▸ **Task statement**
Return the data that follows exactly as it appears. Pictures do not belong in the copy.

▸ **Given material**
·····
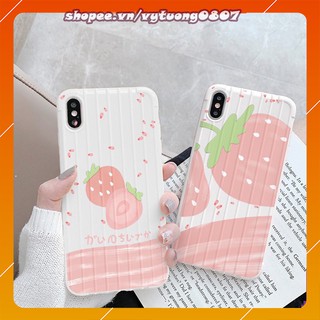 Ốp iphone mẫu trái dâu hồng nhạt sọc vali in phủ bóng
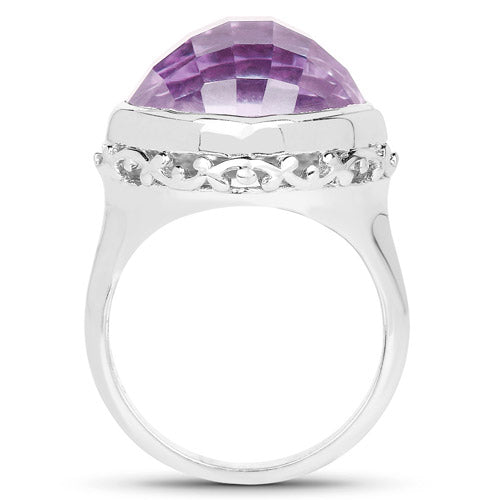 8.40 Carat Genuine Amethyst Sterling Silver Engagement Ring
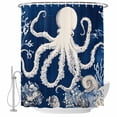 thumbnail image 2 of Beige Octopus Coastal Waterproof Fabric Shower Curtain,Navy Blue Nautical Ocean Coral Waterproof Fabric Shower Curtain for Bathroom Curtains Bathtubs Hotel Shower Curtains with 12 Hooks Stall 54x78in, 2 of 8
·····
▸ **Solution to the exercise**
 Ốp iphone mẫu trái dâu hồng nhạt sọc vali in phủ bóng
 8.40 Carat Genuine Amethyst Sterling Silver Engagement Ring
 thumbnail image 2 of Beige Octopus Coastal Waterproof Fabric Shower Curtain,Navy Blue Nautical Ocean Coral Waterproof Fabric Shower Curtain for Bathroom Curtains Bathtubs Hotel Shower Curtains with 12 Hooks Stall 54x78in, 2 of 8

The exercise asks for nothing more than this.